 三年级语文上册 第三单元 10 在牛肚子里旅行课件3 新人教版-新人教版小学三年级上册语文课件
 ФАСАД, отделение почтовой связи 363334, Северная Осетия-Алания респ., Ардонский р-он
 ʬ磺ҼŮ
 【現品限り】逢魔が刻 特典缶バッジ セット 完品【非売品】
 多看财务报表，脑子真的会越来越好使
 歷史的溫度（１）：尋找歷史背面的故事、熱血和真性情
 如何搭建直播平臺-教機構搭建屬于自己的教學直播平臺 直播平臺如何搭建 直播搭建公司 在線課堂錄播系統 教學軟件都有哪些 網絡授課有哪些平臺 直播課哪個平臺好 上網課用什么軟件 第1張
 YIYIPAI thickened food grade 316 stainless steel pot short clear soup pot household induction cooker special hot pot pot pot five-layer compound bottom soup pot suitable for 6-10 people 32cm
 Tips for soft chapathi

- - - - -

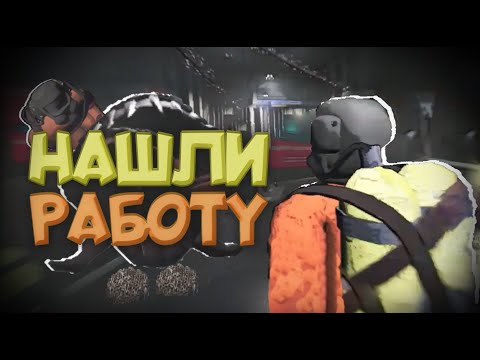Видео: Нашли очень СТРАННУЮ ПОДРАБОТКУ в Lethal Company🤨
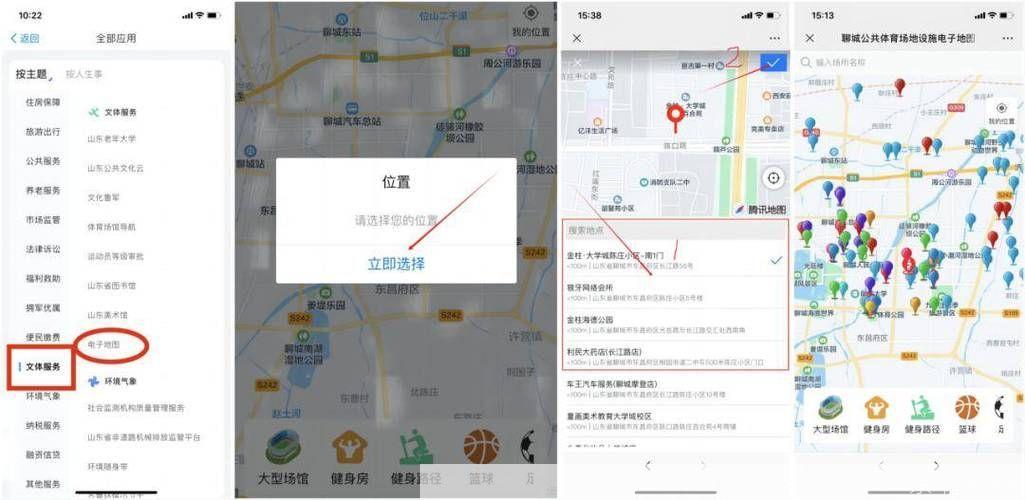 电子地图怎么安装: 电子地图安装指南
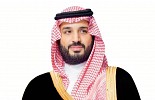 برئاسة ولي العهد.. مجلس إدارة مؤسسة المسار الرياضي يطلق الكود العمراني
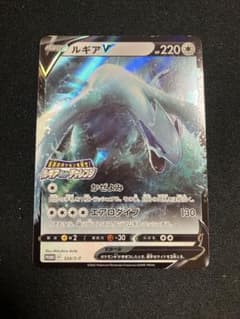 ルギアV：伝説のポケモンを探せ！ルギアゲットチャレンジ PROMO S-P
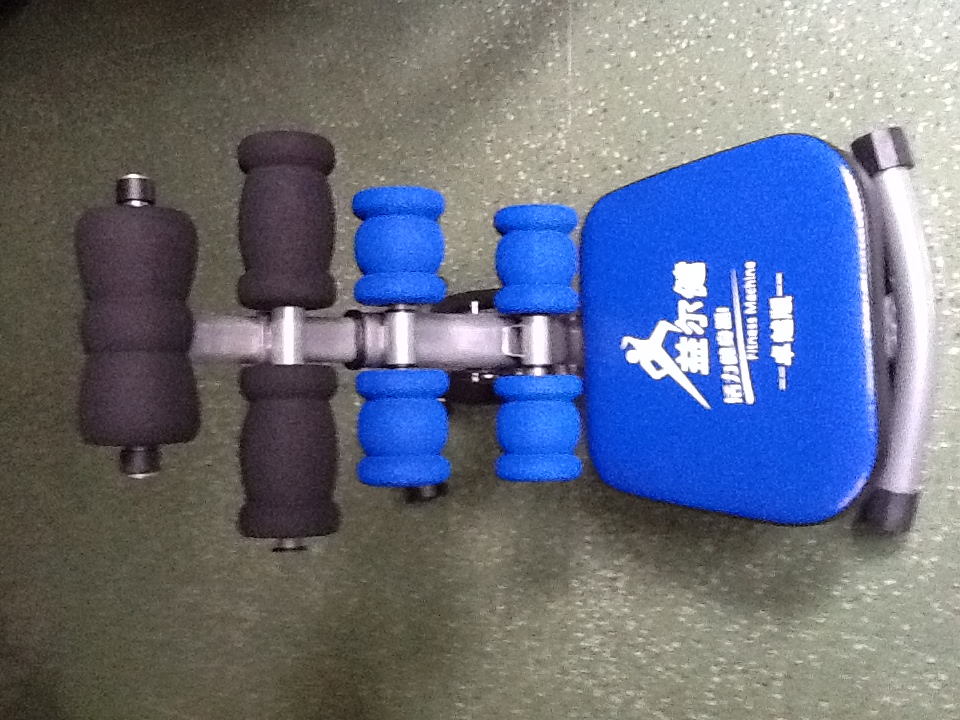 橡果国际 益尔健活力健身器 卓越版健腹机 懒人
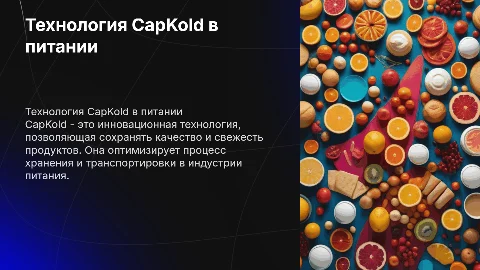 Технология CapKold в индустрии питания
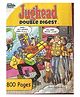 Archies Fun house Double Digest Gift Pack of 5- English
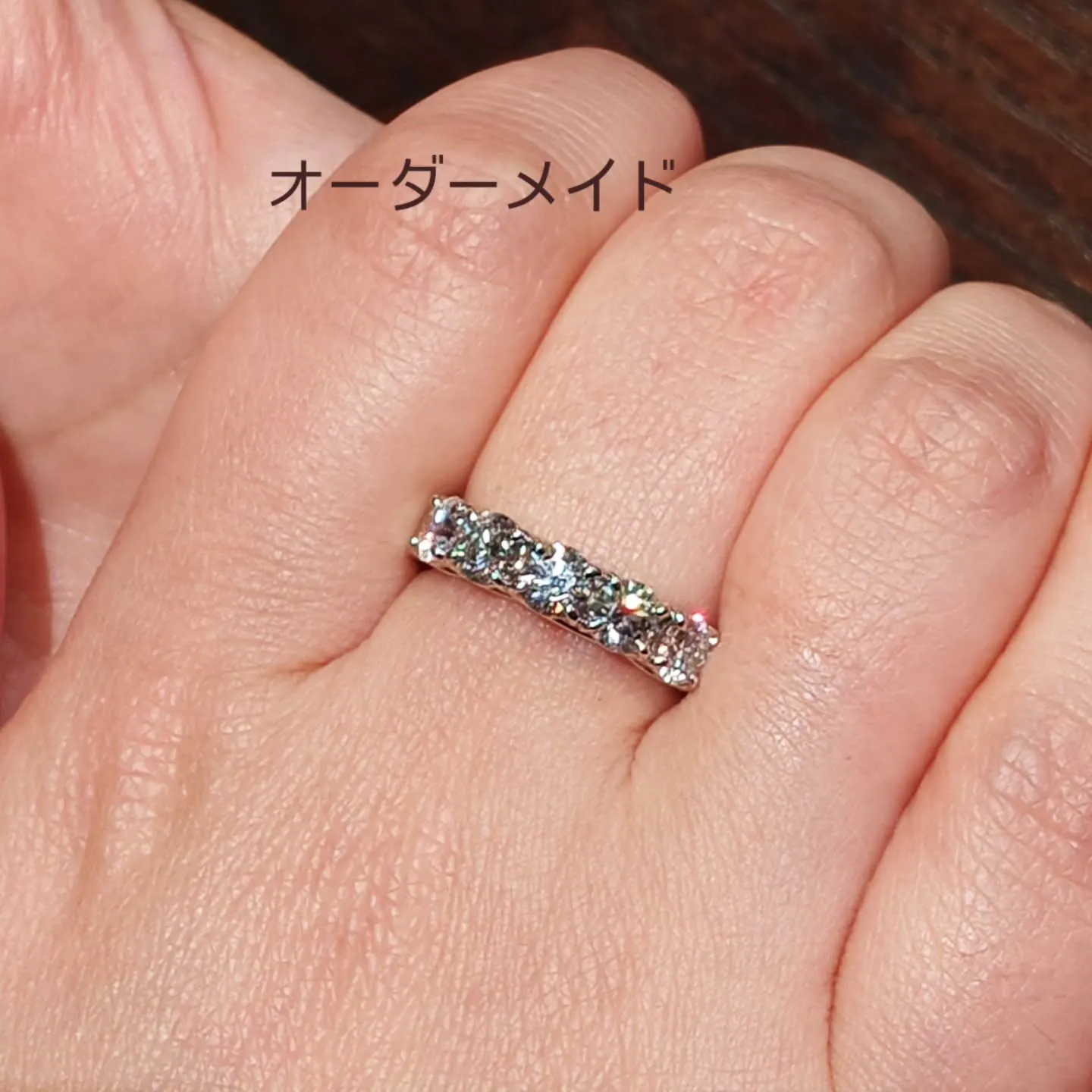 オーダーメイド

- - - - -

WHAT TO DO: Give only the lines from the one holding "三年级语文上册 第三单元 10" through the one holding "Tips for soft chapathi", each restated exactly as it appears above.

THE ANSWER:
 三年级语文上册 第三单元 10 在牛肚子里旅行课件3 新人教版-新人教版小学三年级上册语文课件
 ФАСАД, отделение почтовой связи 363334, Северная Осетия-Алания респ., Ардонский р-он
 ʬ磺ҼŮ
 【現品限り】逢魔が刻 特典缶バッジ セット 完品【非売品】
 多看财务报表，脑子真的会越来越好使
 歷史的溫度（１）：尋找歷史背面的故事、熱血和真性情
 如何搭建直播平臺-教機構搭建屬于自己的教學直播平臺 直播平臺如何搭建 直播搭建公司 在線課堂錄播系統 教學軟件都有哪些 網絡授課有哪些平臺 直播課哪個平臺好 上網課用什么軟件 第1張
 YIYIPAI thickened food grade 316 stainless steel pot short clear soup pot household induction cooker special hot pot pot pot five-layer compound bottom soup pot suitable for 6-10 people 32cm
 Tips for soft chapathi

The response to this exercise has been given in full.